Having no central office location, he led the Burnt Swamp churches to construct a modern Association office building in 1974. The Association’s involvement in missions outreach beyond itself concentrated on Indian reservations in the west. Rev. Brewington introduced the Association to mission projects in Oklahoma, Mississippi, New Mexico and South Dakota. He maintained a Seminary Extension curriculum for ministers and provided church leader training for deacons and other church leaders.

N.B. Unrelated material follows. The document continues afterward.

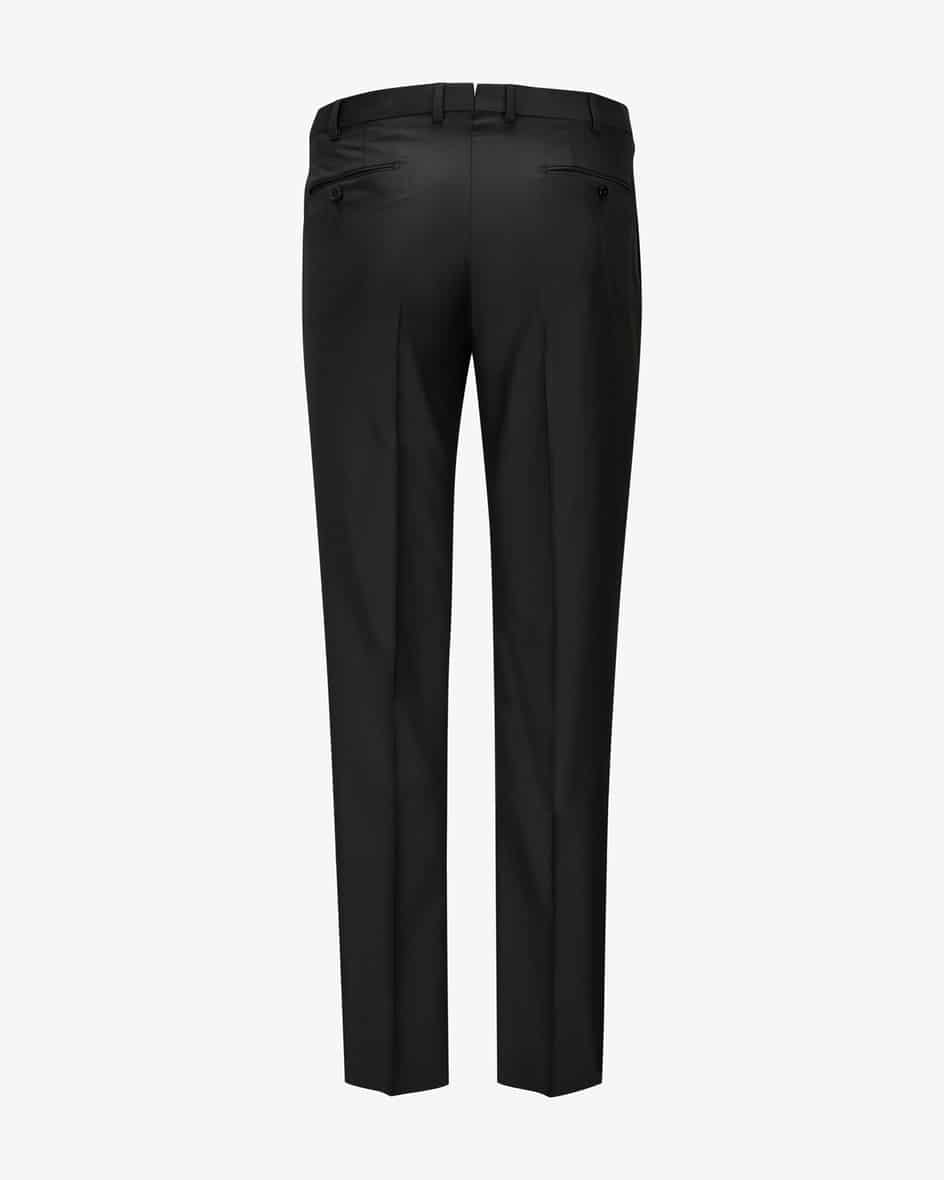 Zegna Trofeo Sartorial Anzug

During his years, some churches began to provide their pastors with full time support. That number has never exceeded more than twenty percent of the churches. He devoted part of his time to promoting missions on behalf of the Home Mission Board as well. His seventeen years of leadership brought growth in the churches’ understanding of mission involvement and mission support. He also prepared the Association for its next step of development in its organization life. Burnt Swamp Association had to become self-supporting, responsible for fully funding its staff and ministries. Ethnic pride was an obvious theme running throughout the Association’s history and the Association prepared to prove to Southern Baptists that the years of Home Mission Board support was not in vain.

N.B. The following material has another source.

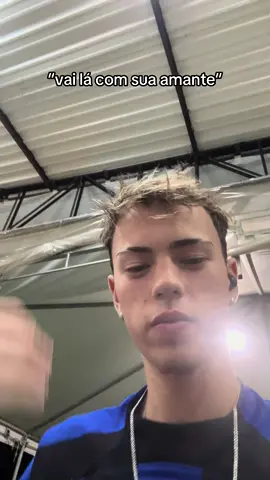 date depois do fut @𝐊𝐎𝐋𝐋𝐄𝐑♕︎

The perception of Burnt Swamp Association as the mission field for Southern Baptists was changing. They were destined to become full partners as a missionary force in evangelism and missions of the denomination.
A MISSIONARY FORCE
Understanding of the partnership between Burnt Swamp Association churches and the larger Southern Baptist Convention improved. Rev. Cummings served as a Baptist State Convention of North Carolina leader when elected to serve as the Convention president in 1999, the first Indian ever elected to that office. Burnt Swamp Baptists saw themselves as full partners in the work of Southern Baptists as never before. The Southern Baptist denomination reflects a growing diversity of racial and ethnic people in America, and so does Burnt Swamp Association. Indian communities are growing in eastern North Carolina but the neighborhoods also include people of other backgrounds. Indian churches are not nearly as homogeneous as merely twenty-five years ago. Indigenous leaders in Burnt Swamp churches, both lay and clergy continue to oversee the life of the congregations. Two pastors among the seventy are Anglo.
The neighboring Robeson Association (White) now has two pastors that are Indians originally from Burnt Swamp Association background. After nearly one hundred and thirty years as a fellowship of Indian Baptist churches, Burnt Swamp Association may hold distinction as the oldest organization of Baptist churches for Indians. The Association struggled to organize but grew as an organization exclusively for Indian churches and Indian people. It grows more apparent that while a uniform "Indian only" experience portrays the past, growing multicultural diversity lies in the future for Burnt Swamp Association churches.
Rev. Mike Cummings
Rev. Mike Cummings accepted the call to the Association as Missions Director in 1988, a position fully funded by the Association churches apart from any Home Mission Board support. His wife had been employed by the Association as office secretary for ten years prior to his coming. Additional staff during the 1990’s assisted with Christian community ministries and church development. He continued to build upon the Association’s commitment to mission work among Indian reservation communities in the mid-west and western United States. Mission teams from the churches multiplied. An increasing number of ministers from the Association churches sought seminary training. Churches’ involvement in the affairs of the Baptist State Convention increased.